Questo è quantomeno bizzarro. La più recente Relazione sullo stato di attuazione della legge 68/1999 (la XI, dati 2021, Ministero del Lavoro) ci informa che a fine 2021 c’erano 162.454 scoperture, posti di lavoro destinati a persone con disabilità non ancora occupati. Se moltiplichiamo anche solo una parte di quella cifra (limitandoci al comparto privato) per gli importi delle sanzioni di cui sopra, i Fondi regionali dovrebbero essere traboccanti di risorse. Ma così non è. Anzi.

A questo punto, fino a prova contraria, discende la fondata ipotesi che quelle sanzioni non vengano affatto irrogate sistematicamente. Ripercorriamo l’iter teorico. Ogni azienda obbligata al rispetto della legge 68/1999 deve presentare ogni anno (se cambia il numero degli addetti) il Prospetto Informativo Disabili (PID) che dà conto degli obblighi e delle coperture. Il PID è telematico e dunque tecnicamente disponibile ai servizi quasi in tempo reale.

I controlli sul collocamento mirato sono demandati ai servizi competenti territorialmente che operano presso i Centri per l’impiego, ai quali è affidata la gestione operativa, in quanto strutture locali di emanazione regionale. Le sanzioni, tuttavia, che seguono alla diffida elevata dai servizi per il collocamento mirato nei confronti dei datori inadempienti, sono irrogate dagli Ispettorati territoriali, ai quali vengono pure trasmesse tutte le diffide cui non sia stato dato un seguito entro il termine di 30 giorni.

Operativamente come dovrebbe funzionare? I servizi per l’impiego rilevano una scopertura. Contattano l’azienda e, richiamando l’obbligo, segnalano le varie opzioni possibili: assunzione tramite chiamata nominativa, assunzione dopo una preselezione che il Centro può svolgere, sottoscrizioni di convenzioni. 

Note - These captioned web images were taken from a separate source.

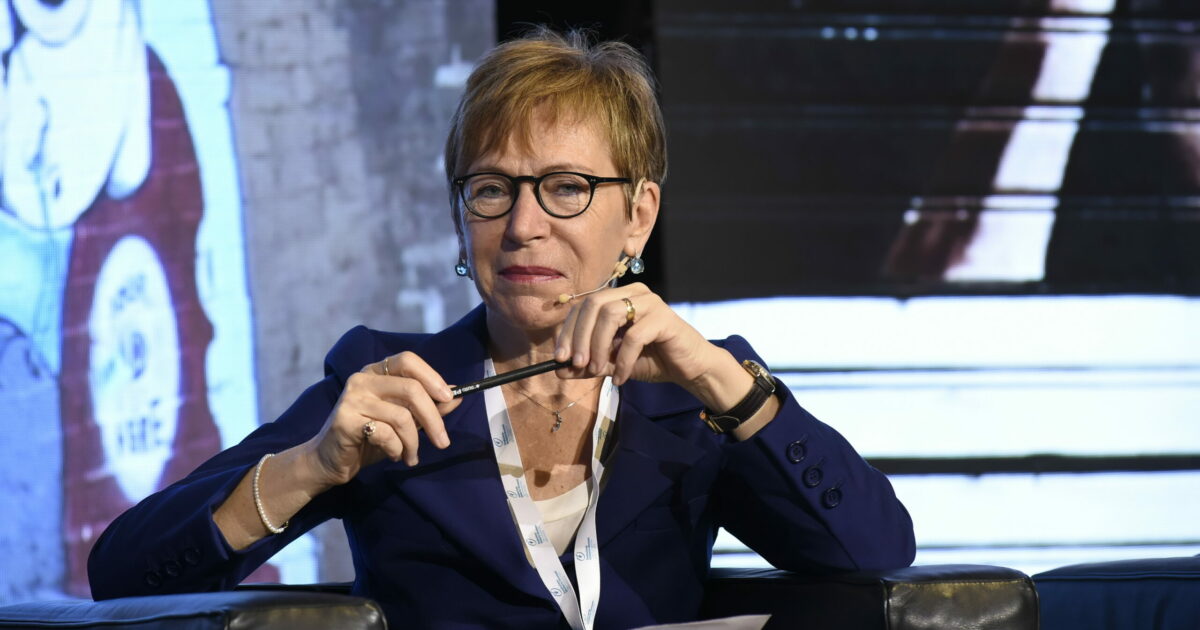 Attentato a Ranucci, Milena Gabanelli: “Terribile, non capitava da trent’anni. Conosco Sigfrido, non si farà intimidire”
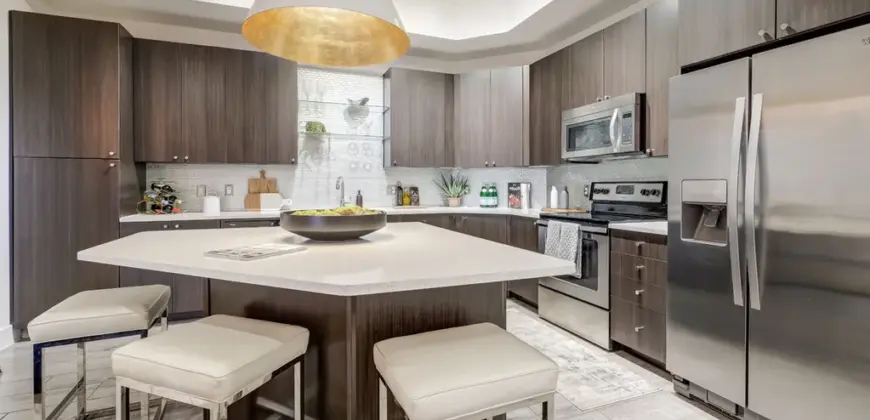 Cantabria At Turtle Creek
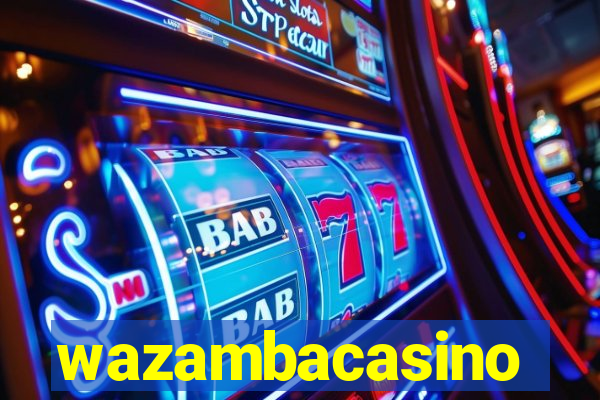 wazambacasino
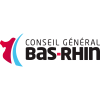 logo Conseil Général du Bas-Rhin 67 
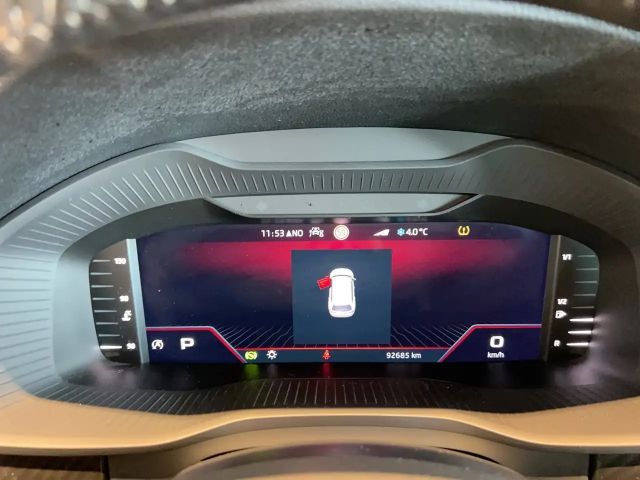 Skoda Kodiaq 4x4 Sportline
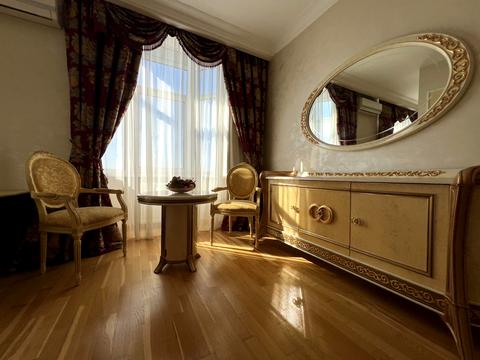 квартира за адресою Кловський узвіз, 5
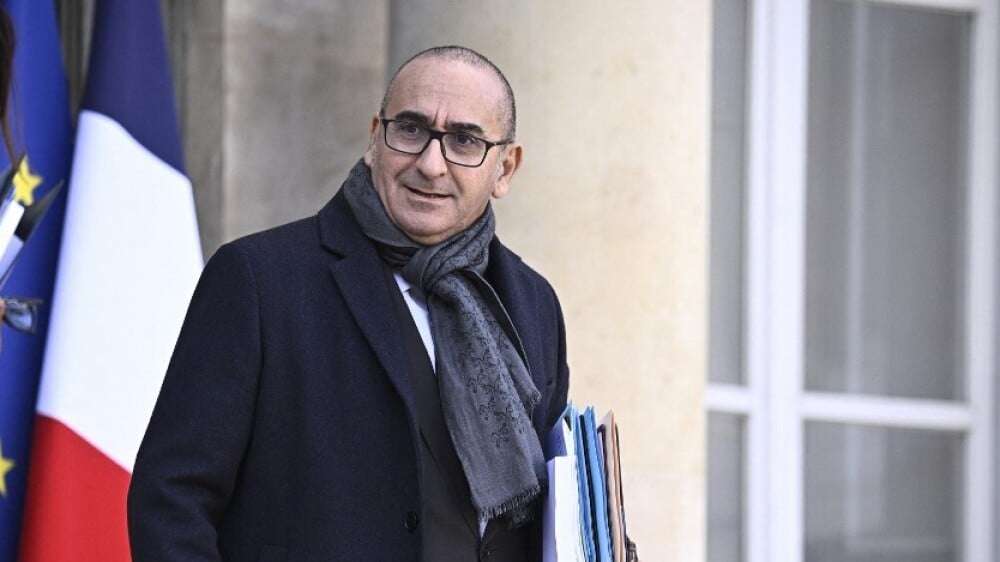 France-Algeria: New Interior Minister wants to renew dialogue France-Algeria: New Interior Minister wants to renew dialogue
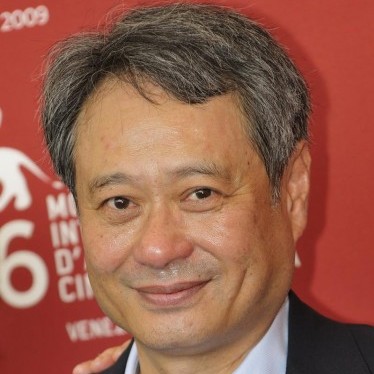 ang lee chinese american immigrant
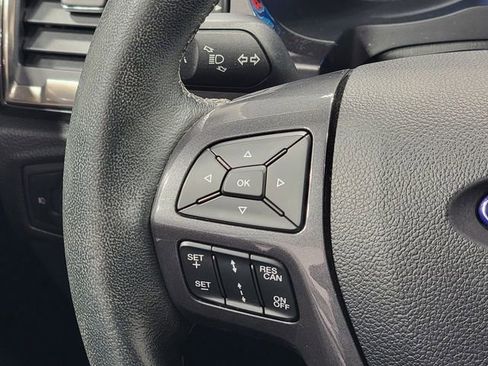 Used 2019 Ford Ranger Lariat w/ Equipment Group 501A Mid AWD/4WD image 26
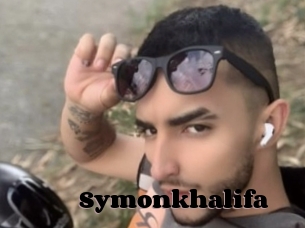 Symonkhalifa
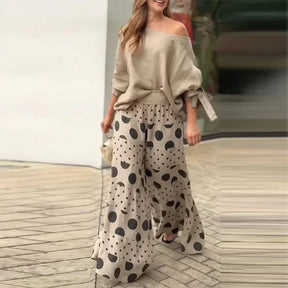 Conjunto Feminino Herbella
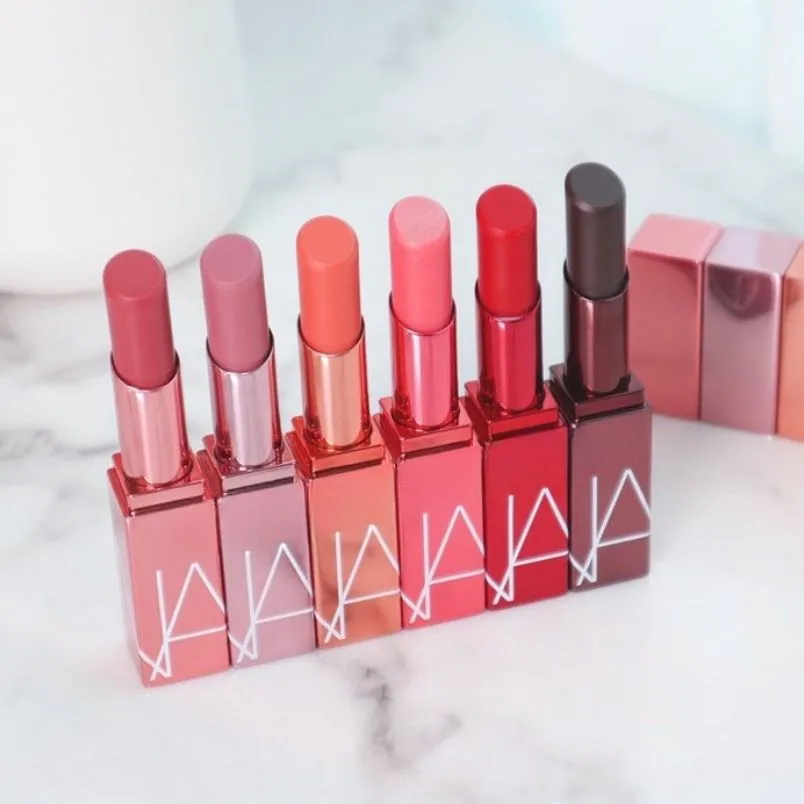 10 thỏi son dưỡng có màu high-end đáng tiền - 15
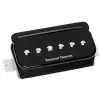 Seymour Duncan SHPR 1N BLK Model P-Rails przetwornik do gitary elektrycznej, kolor czarny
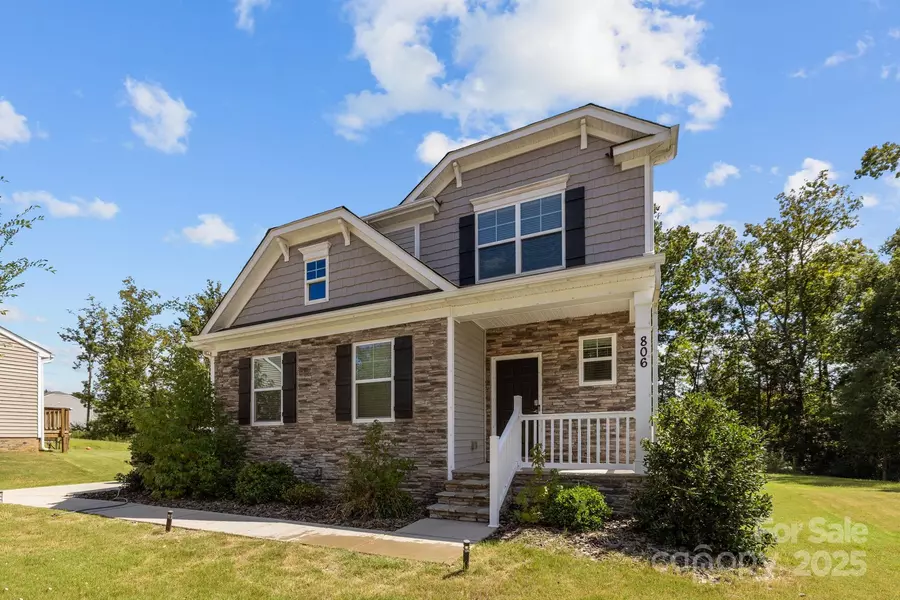 806 Windblown PL, Rock Hill, SC 29730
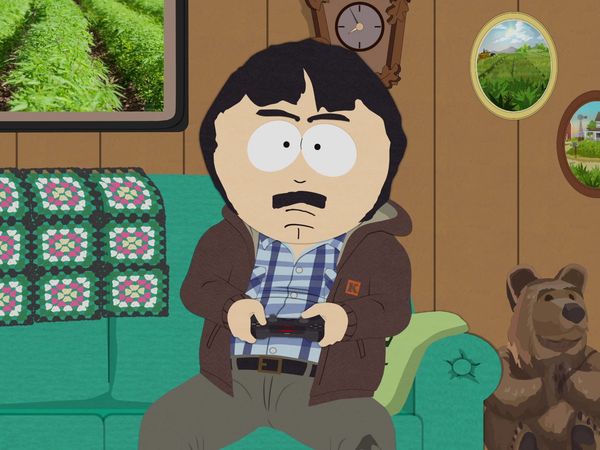 South Park - Er det ingen som tar det på alvor?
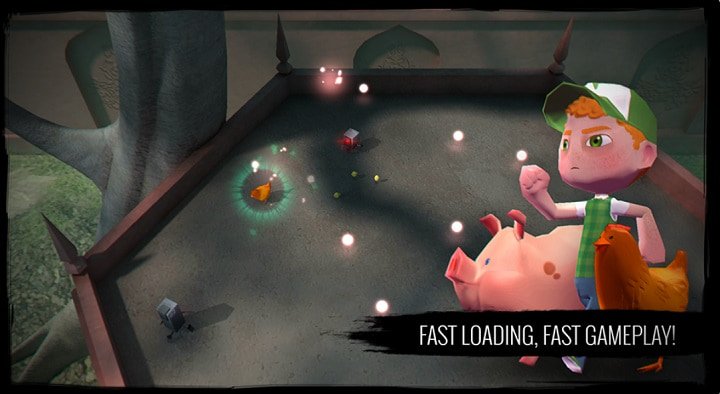 Imagen - 41 apps y juegos de pago en Android gratis [semana 27 2026]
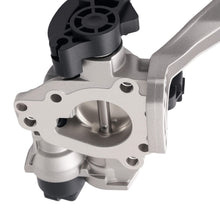 Ladda upp bild till gallerivisning, Gasspjällshus lämpligt för Renault Clio II, Clio III, Kangoo &amp; Twingo I 1.2 16V bensin 1997-2021 7700108120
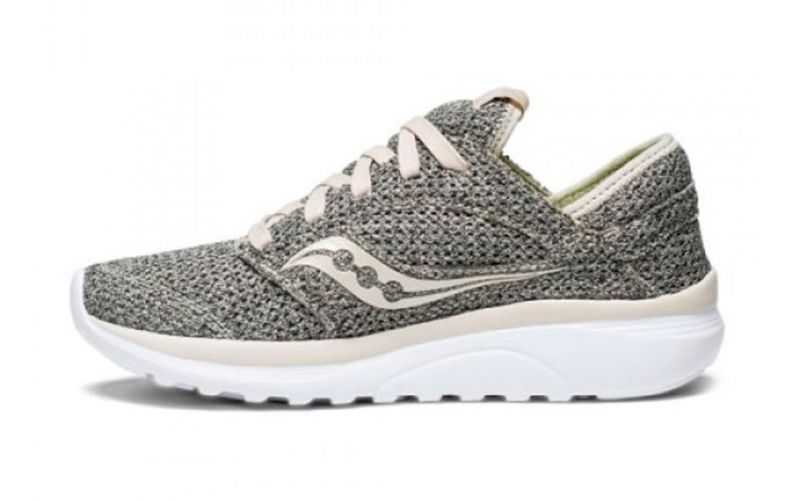 saucony kineta relay grey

Se l’azienda non adotta nessuna di queste soluzioni o non risponde, parte la diffida a cui segue (dovrebbe seguire) la sanzione.

Va inteso lo spirito di questa norma: la sanzione è una leva per innescare soluzioni e supportare aziende e persone in una logica di politiche attive, non uno strumento punitivo mirato a rimpinguare le casse pubbliche o a mantenere lo status quo.

Questo sistema però comporta che ogni attore, politico e amministrativo, svolga la propria funzione in modo coordinato con gli altri. Con tutta evidenza questo ancora oggi non accade e la frase iniziale non spinge all’analisi del fenomeno e men che meno al cambiamento.